- _What you will do_:
Set down, word for word, each line from the top of the data through the line that has "EKGJW Coquette-02 Bow"; omit every picture.

- _Record extracts_:
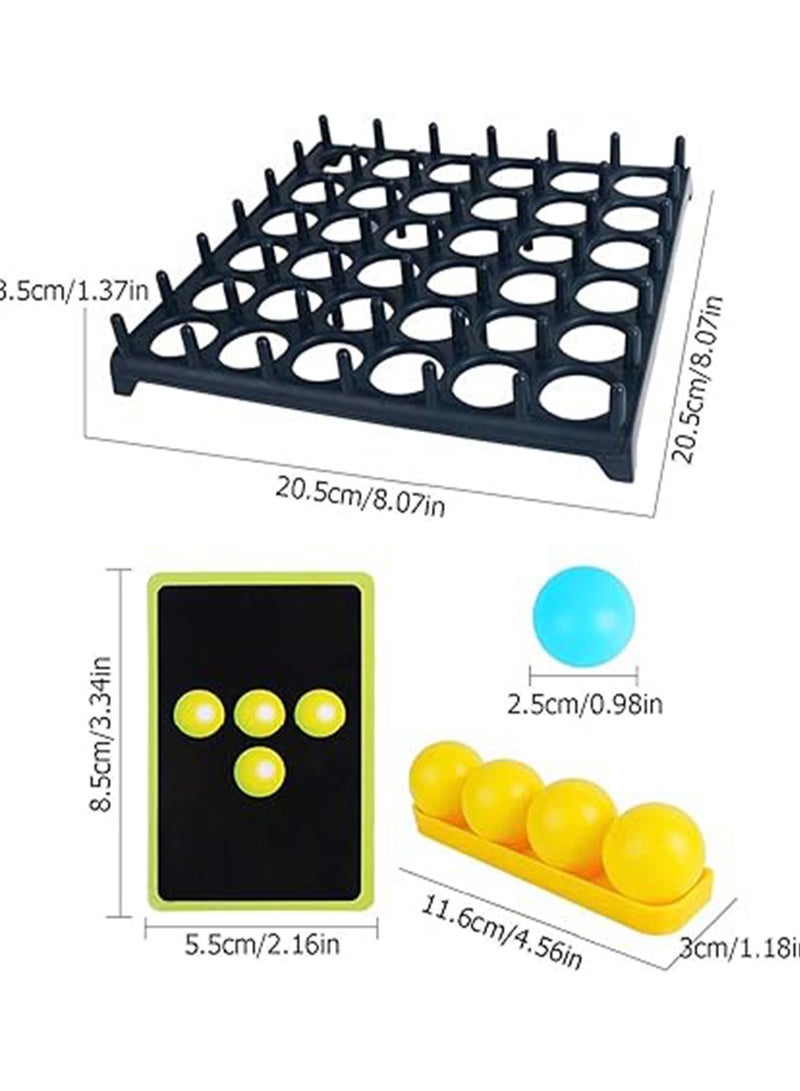 Bounce Game, Ping Pong Challenge Game, Family Bounce Ball Board Game with Party Pattern Challenge, Comes with 16 Balls, 9 Challenge Cards and Party Game Grid, 2-4 Player Game (1 Set) - Image 3
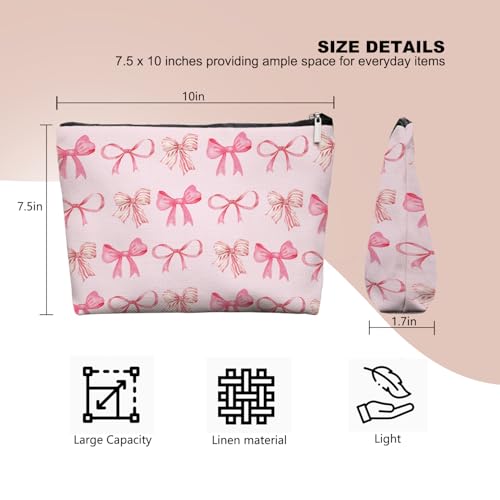 EKGJW Coquette-02 Bow Makeup Bag for Women & Teens, Preppy Cosmetic Pouch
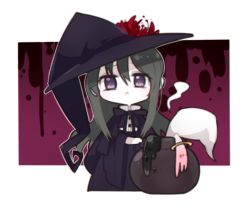 Rule 34 | 10s, 1girl, :&lt;, akemi homura, black hair, cauldron, chibi, fc (efushii), flower, hat, kyubey, long hair, looking at viewer, mahou shoujo madoka magica, mahou shoujo madoka magica (anime), purple eyes, simple background, solo, spider lily, white background, witch, witch hat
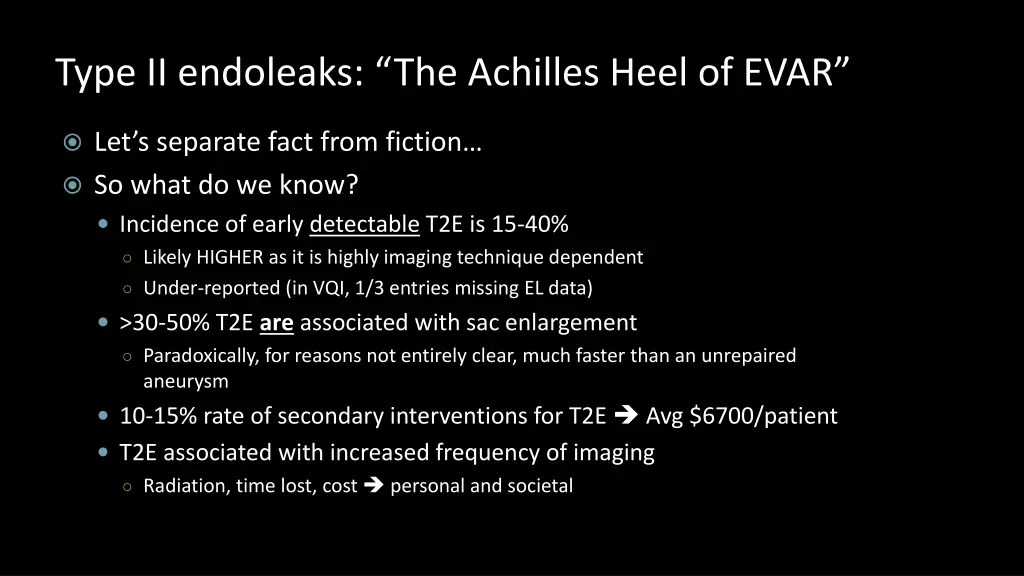 type ii endoleaks the achilles heel of evar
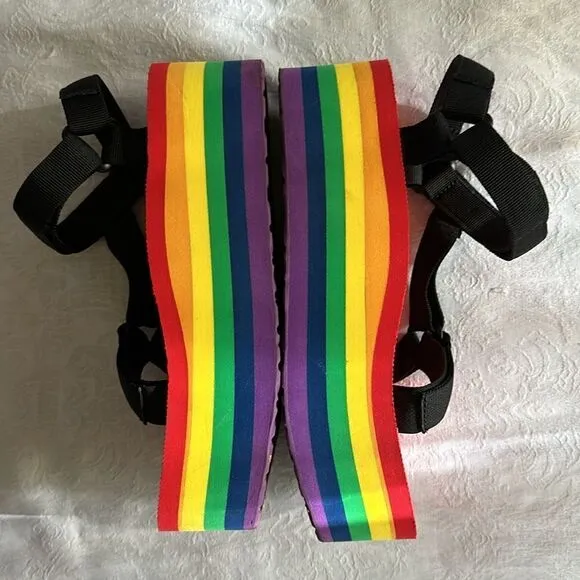 Teva Flatform Universal Rainbow Pride Platform Sandals Womens Size 9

- _Output_:
 Bounce Game, Ping Pong Challenge Game, Family Bounce Ball Board Game with Party Pattern Challenge, Comes with 16 Balls, 9 Challenge Cards and Party Game Grid, 2-4 Player Game (1 Set) - Image 3
 EKGJW Coquette-02 Bow Makeup Bag for Women & Teens, Preppy Cosmetic Pouch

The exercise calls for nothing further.